Legally, has the legislation been signed into law, or not? The copy the president signed has been obliterated, along with anyone who can testify that the signing ocurred. Do they have to rush a new copy to Joe Biden and have him sign it the moment he takes the oath of office?

Legally, it’s law as soon as it is physically signed.

But if nobody knows it’s been signed, then it’s kind of a moot point. So Congress could reconvene and send the legislation again to President Biden. It doesn’t hurt anything if the same legislation is signed twice.

Nitpick, isn’t there a time limit on a pocket veto? That if Congress is still in session when the bill hasn’t been signed for X days, then it becomes law anyway?

(I always liked the pocket veto clause - it lets a Prez kill a law when Congress has the numbers to outvote a traditional veto!)

From a policy standpoint, it’s law once the POTUS tells the affected departments to start doing things in accordance with it (by memo or whatever). That’s why it doesn’t matter when the FC bill is signed; he’s already told the affected departments to treat it as law.

It’s 10 days, not including Sundays. I chose the Fiscal cliff legislation because: (A) it’s really important, and (B) it’s pocket-veto-able.

Cite, please? What you say here does not appear to conform at all to the presentment clause.

ETA: Or any other part of Art I Sec 7.

FWIW, I found a case where the Supreme Court found that acts are effective upon the day they are signed. This case based its conclusions on an earlier case in which a proclamation was made on one day, and published several days later, but the Supreme Court found that the proclamation was effective when signed, not when it was registered. I suppose one could infer that as long as the President signs the act, it becomes effective for that day, and simply because an original signed bill is not deposited for codification in the US Code or whatever, would not constitutionally invalidate the signature.

Doesn’t matter assuming he does sign it within 10 days, I mean.

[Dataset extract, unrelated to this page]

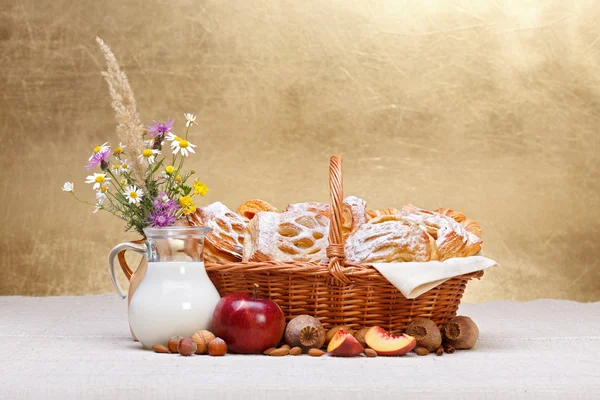 Süße Kuchen im Korb, Obst und Milchdekoration — Stockfoto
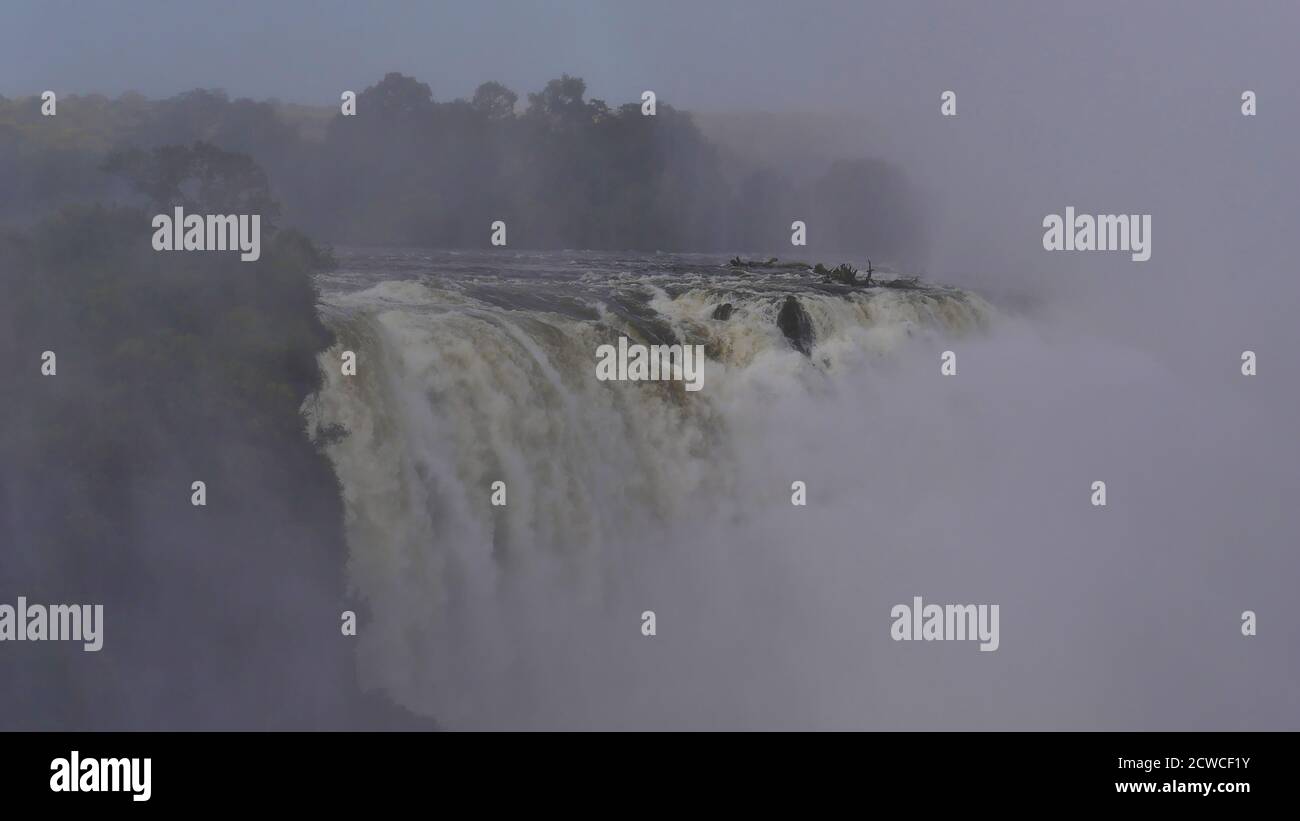 Impressive view of Zambezi River rushing down Victoria Falls seen through enormous water spray with rainforest near the border of Zimbabwe and Zambia. Stock Photo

I’m still not following. You said that it doesn’t matter when the fiscal cliff bill is signed as long as he orders departments to comply with the law. The president can’t order departments to do things (like change tax rates) if the law doesn’t authorize him to give those orders, and departments can’t treat a bill like its law until it is signed.

In the OP’s scenario, if Obama orders departments to comply with the fiscal cliff bill, and the bill and the President go down in Air Force One before the bill is signed, the order to comply with the bill is not legal. There’s no statutory authority for the departments to carry out those actions. Sure, Obama can tell the departments to get ready to carry it out, but until it is signed, the bill isn’t law, it isn’t effective law, it isn’t even sorta-like a law.

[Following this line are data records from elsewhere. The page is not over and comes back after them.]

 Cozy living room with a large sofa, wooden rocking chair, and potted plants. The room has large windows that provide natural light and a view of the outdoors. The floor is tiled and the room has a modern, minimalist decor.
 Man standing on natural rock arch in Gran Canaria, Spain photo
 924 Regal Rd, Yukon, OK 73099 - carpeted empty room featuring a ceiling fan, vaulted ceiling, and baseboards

It’s a really interesting question and it kind of illustrates the difference between the law in theory and the law in fact. To make an analogy, a contract that is signed and then lost is still legally binding, but the fact that it’s technically legally binding is tough comfort to someone who is desperately trying to convince a skeptical judge and/or jury of the existence of the contract that somehow got dropped out in a field and was eaten by a horse (oops).

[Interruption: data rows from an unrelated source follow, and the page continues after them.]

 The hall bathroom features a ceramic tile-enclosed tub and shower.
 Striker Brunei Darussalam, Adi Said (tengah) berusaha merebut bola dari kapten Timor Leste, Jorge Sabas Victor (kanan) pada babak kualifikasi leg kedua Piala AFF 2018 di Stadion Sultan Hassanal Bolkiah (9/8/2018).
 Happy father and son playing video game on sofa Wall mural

The President still has ten days to sign the bill even if Congress adjourns, the bill doesn’t die as soon as Congress adjourns. I don’t know if this is what you meant and just weren’t clear.

For many years (decades I’m pretty sure) Congress has designated an agent to receive veto messages when they adjourn so that pocket vetoes don’t happen. This is based on a 1938 Supreme Court decision though both Bushes and Clinton attempted pocket vetoes even though there was an agent.